Source records
****

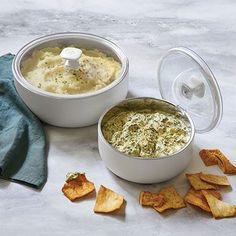 two white bowls filled with dip and chips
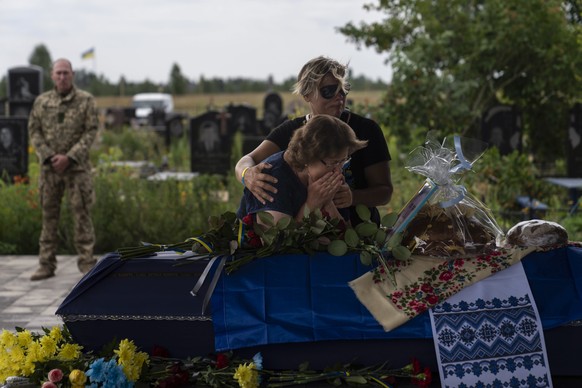 Comforted by Khrystyna Liubymska, top, Zynaida Nedoleshko weeps next to a casket carrying the remains of her nephew, Roman Shadlovskyi, during a reburial service for him in Bucha, Ukraine, Tuesday, Ju ...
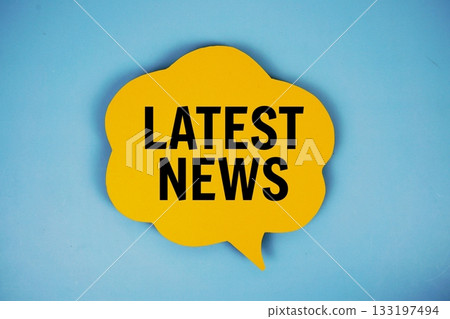 Latest News text with speech bubble top view on blue background 133197494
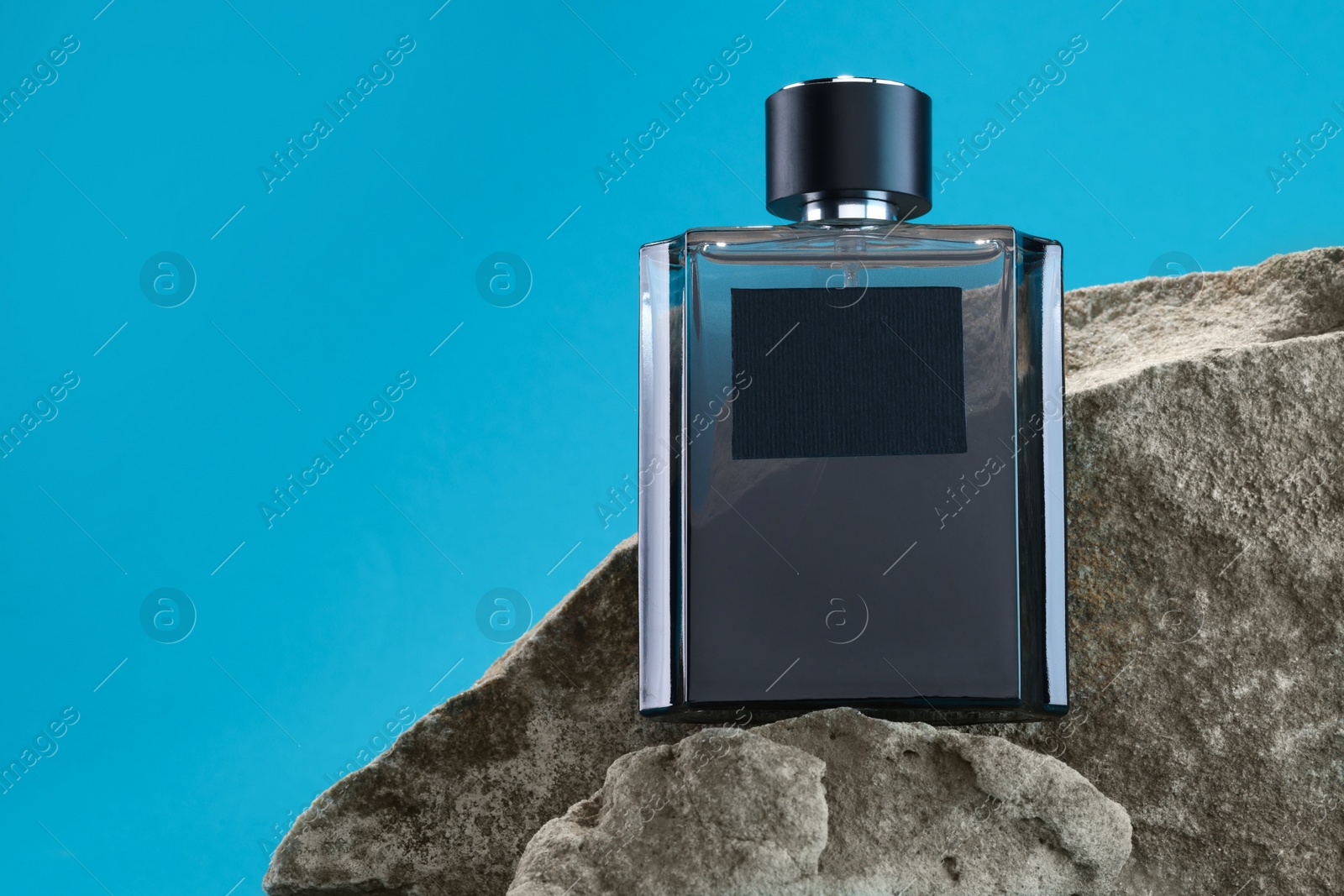 Photo of Stylish presentation of luxury men`s perfume on stones against light blue background. Space for text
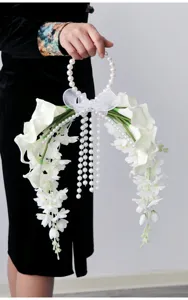 Detalle de ramo de novia con calas blancas y mango de perlas para decoración floral.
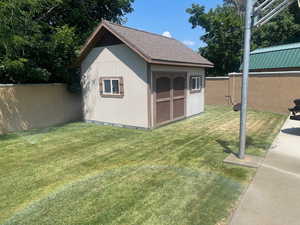 View of shed with a lawn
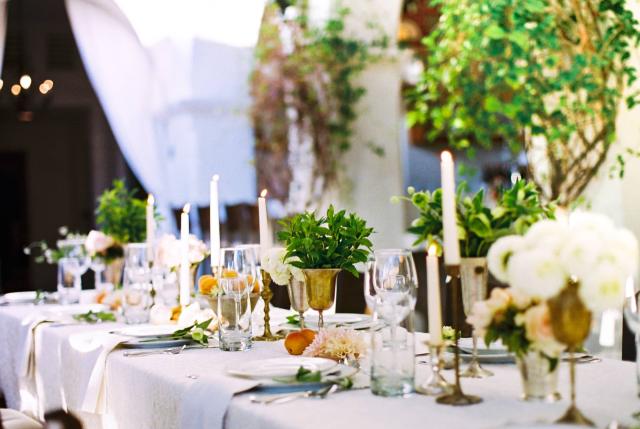 Closeup of Guest Table with Flowers, Fruit, Candles and Placemats at Romantic Riviera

****

» **Task description**:
Leaving the pictures out, set down exactly the lines from the one with "View of shed with a lawn" through the end of the records.

» **Written response**:
 View of shed with a lawn
 Closeup of Guest Table with Flowers, Fruit, Candles and Placemats at Romantic Riviera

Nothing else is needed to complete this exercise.